Dataset extract =
------------------------------------------------------------

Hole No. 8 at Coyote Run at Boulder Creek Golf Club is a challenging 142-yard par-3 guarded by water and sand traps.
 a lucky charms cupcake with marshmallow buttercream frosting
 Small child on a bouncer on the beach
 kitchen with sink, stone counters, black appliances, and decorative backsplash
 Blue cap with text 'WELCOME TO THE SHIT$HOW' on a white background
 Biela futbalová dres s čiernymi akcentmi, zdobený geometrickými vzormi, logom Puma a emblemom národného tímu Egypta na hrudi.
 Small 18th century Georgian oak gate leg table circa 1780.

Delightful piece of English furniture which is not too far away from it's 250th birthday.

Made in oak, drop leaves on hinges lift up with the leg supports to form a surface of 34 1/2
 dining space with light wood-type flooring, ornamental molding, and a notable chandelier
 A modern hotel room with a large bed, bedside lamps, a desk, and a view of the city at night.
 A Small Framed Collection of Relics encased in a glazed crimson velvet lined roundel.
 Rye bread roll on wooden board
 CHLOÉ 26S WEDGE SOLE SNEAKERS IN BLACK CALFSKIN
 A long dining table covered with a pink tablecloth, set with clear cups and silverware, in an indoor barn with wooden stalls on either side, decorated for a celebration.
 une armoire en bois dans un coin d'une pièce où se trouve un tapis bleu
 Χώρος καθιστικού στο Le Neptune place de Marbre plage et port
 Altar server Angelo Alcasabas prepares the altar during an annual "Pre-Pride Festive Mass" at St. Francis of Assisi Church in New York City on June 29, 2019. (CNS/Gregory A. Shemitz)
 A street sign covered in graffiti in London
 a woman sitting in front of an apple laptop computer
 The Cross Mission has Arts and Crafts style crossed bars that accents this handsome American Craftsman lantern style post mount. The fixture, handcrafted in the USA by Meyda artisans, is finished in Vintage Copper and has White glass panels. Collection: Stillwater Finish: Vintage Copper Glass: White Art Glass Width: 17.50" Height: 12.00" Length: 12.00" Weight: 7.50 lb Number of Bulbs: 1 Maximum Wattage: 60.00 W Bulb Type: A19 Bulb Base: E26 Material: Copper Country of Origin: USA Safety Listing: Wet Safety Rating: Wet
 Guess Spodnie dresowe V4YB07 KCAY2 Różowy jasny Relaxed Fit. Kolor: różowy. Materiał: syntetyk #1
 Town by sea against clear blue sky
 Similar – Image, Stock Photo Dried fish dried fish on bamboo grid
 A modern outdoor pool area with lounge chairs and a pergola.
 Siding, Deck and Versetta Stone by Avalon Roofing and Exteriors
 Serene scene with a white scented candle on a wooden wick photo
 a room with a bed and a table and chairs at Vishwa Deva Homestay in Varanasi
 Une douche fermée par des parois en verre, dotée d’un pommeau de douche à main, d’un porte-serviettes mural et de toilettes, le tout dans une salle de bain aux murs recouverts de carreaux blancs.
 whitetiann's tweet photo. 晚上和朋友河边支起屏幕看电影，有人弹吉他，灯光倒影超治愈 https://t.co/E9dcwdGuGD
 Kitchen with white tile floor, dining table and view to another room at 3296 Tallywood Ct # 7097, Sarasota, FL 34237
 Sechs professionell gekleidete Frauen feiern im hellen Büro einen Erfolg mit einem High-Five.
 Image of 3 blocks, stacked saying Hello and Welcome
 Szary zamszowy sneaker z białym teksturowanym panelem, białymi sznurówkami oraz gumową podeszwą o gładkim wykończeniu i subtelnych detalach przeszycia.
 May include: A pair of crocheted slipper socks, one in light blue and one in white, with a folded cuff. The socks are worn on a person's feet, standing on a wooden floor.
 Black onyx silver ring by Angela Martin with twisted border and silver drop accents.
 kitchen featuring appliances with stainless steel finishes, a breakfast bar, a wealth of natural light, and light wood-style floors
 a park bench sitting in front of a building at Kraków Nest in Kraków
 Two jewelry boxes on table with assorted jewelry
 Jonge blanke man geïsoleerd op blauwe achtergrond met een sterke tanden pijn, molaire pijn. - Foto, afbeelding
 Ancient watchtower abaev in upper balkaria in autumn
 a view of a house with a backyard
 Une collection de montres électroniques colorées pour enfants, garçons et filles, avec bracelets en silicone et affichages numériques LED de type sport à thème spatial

------------------------------------------------------------

In the material above, find the line containing "A street sign covered in graffiti in London" and the line containing "a woman sitting", then write out exactly those two lines and every line between them, and nothing more.

Task answer =
 A street sign covered in graffiti in London
 a woman sitting in front of an apple laptop computer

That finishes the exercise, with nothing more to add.